* **To do**:
Please leave out pictures and print exactly the lines from the one that has "3-5411-02サンプリン" through the last line of the material below.

* **Provided records**:
'''
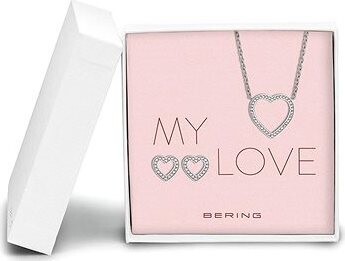 BERING Arctic Symphony 437-740-Silver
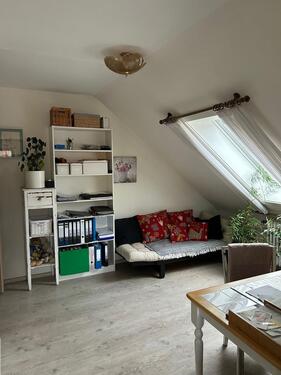 Foto - 4 Zimmer Etagenwohnung in Fulda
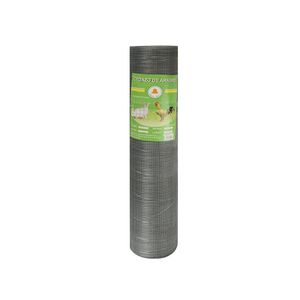MALLA GALLINERO CAL. 22 1X36" R10M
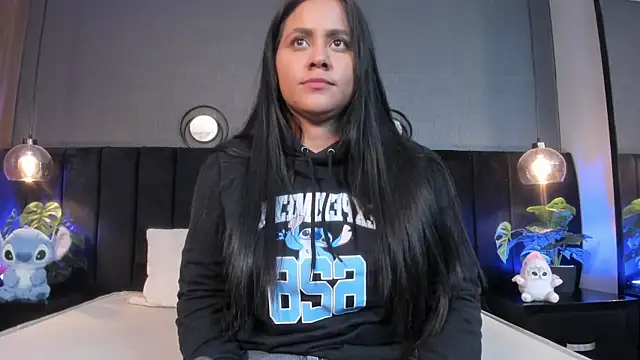 alejandra  garcia online show from June 2026 03:20:02 AM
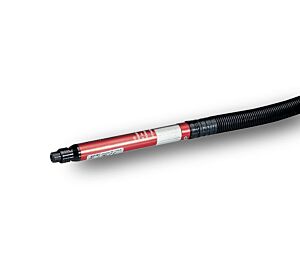 13200500 AIRTEC Smerigliatrice veloce pneumatica a 54.000 giri, con pinza di 3 mm e 2,35 mm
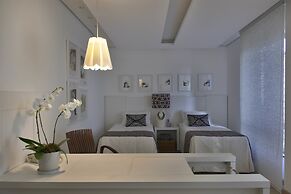 Sheraton Sao Paulo WTC Hotel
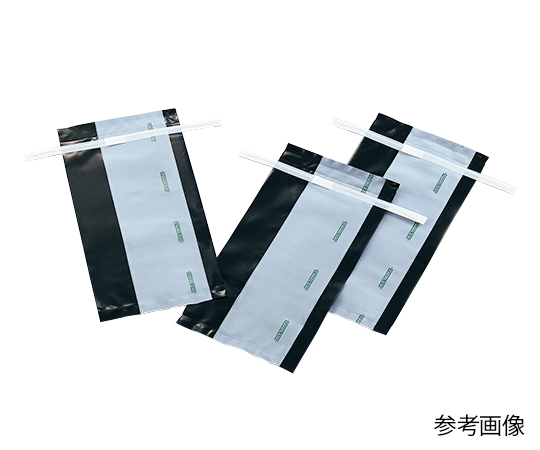 3-5411-02サンプリングバッグ遮光タイプ900mL【1個】(as1-3-5411-02)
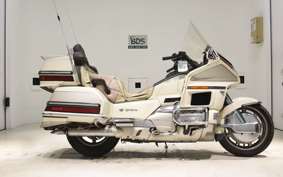 HONDA GL1500 GOLD WING SE 1990 SC22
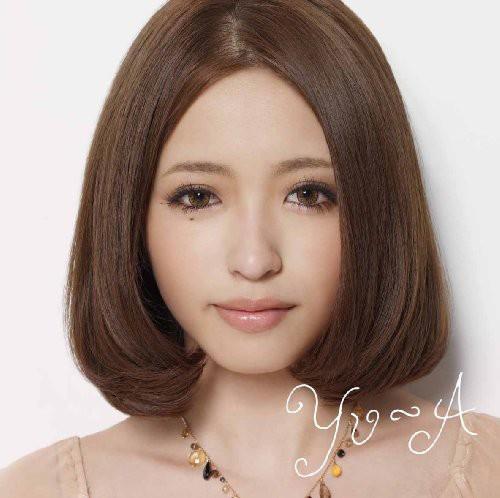 Yu-A - You Are My Love (2 Cd) - CD Audio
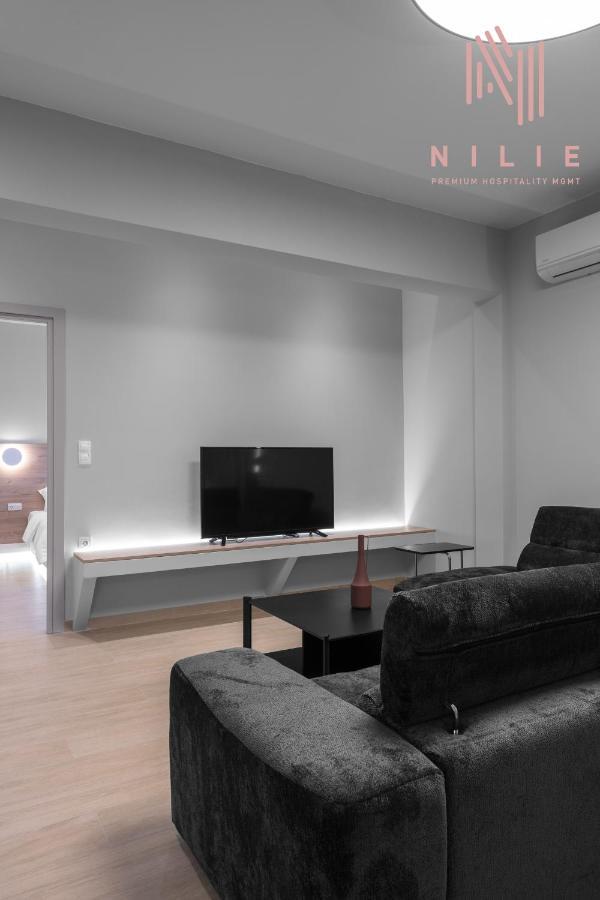 Nexia Penthouse, Nilie Hospitality Mgmt Apartamento *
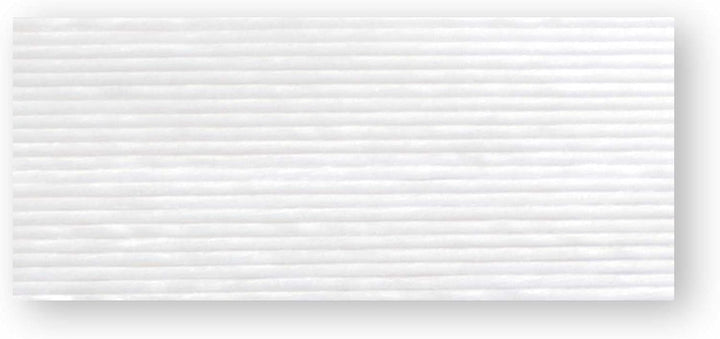6 ROLLEN x 400m | 19mm Polyester Umreifungsband | 975kg Bruchlast | Polyesterband für optimale Ladun
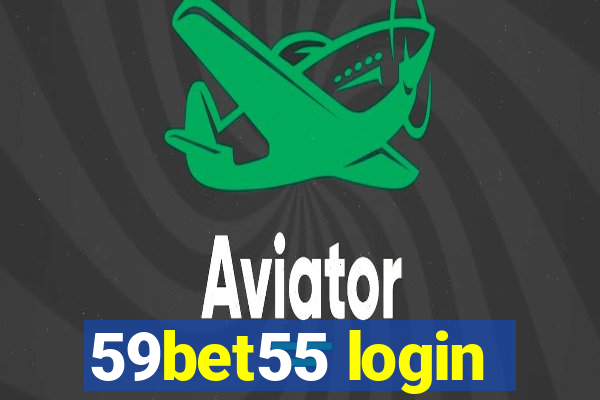 59bet55 login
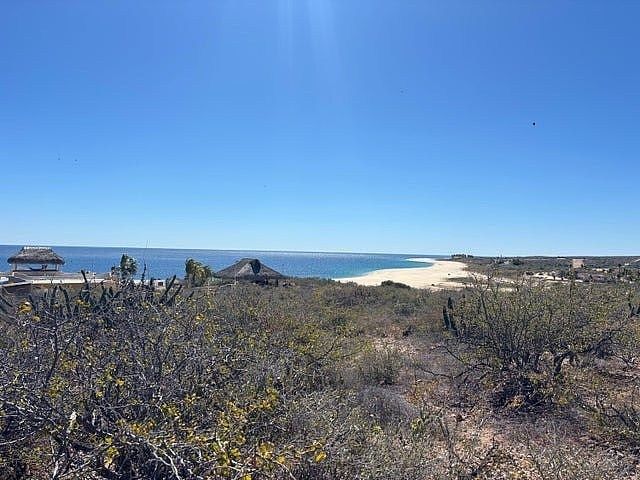Lote em Los Frailes, Los Cabos, foto 4 de 13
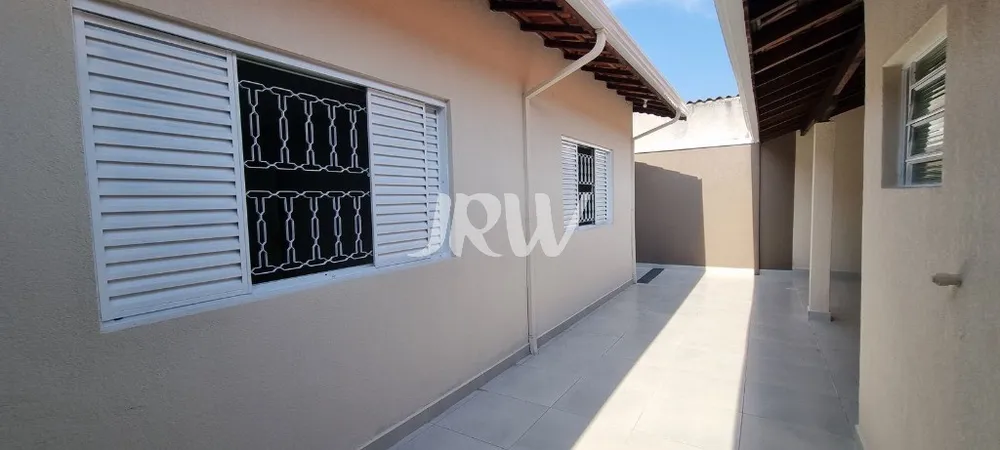 Casa, 4 quartos, 164 m² - Foto 9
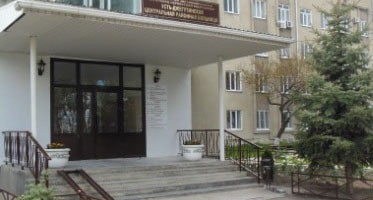 Усть-Джегутинская ЦРБ. Фото: официальный сайт http://ustdcrb.ru/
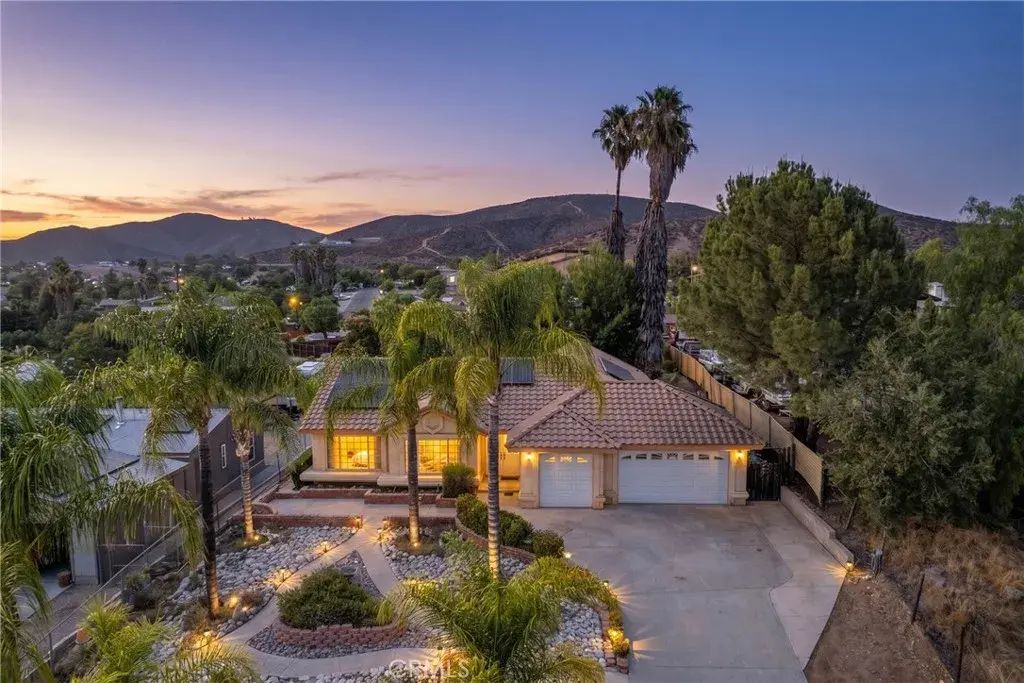 24380 Paseo Arroyo, Menifee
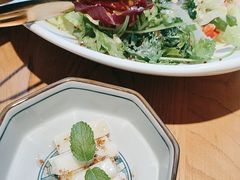 -荷恬·精致蔬食料理(富国街店)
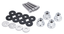 CIRO TOUR-PAK RACK LIFT KIT - view 1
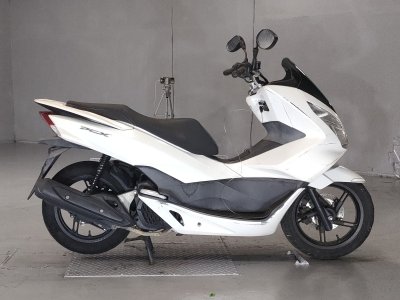 Honda PCX125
'''
* **Result for this exercise**:
 3-5411-02サンプリングバッグ遮光タイプ900mL【1個】(as1-3-5411-02)
 HONDA GL1500 GOLD WING SE 1990 SC22
 Yu-A - You Are My Love (2 Cd) - CD Audio
 Nexia Penthouse, Nilie Hospitality Mgmt Apartamento *
6 ROLLEN x 400m | 19mm Polyester Umreifungsband | 975kg Bruchlast | Polyesterband für optimale Ladun
 59bet55 login
Lote em Los Frailes, Los Cabos, foto 4 de 13
 Casa, 4 quartos, 164 m² - Foto 9
 Усть-Джегутинская ЦРБ. Фото: официальный сайт http://ustdcrb.ru/
 24380 Paseo Arroyo, Menifee
 -荷恬·精致蔬食料理(富国街店)
 CIRO TOUR-PAK RACK LIFT KIT - view 1
 Honda PCX125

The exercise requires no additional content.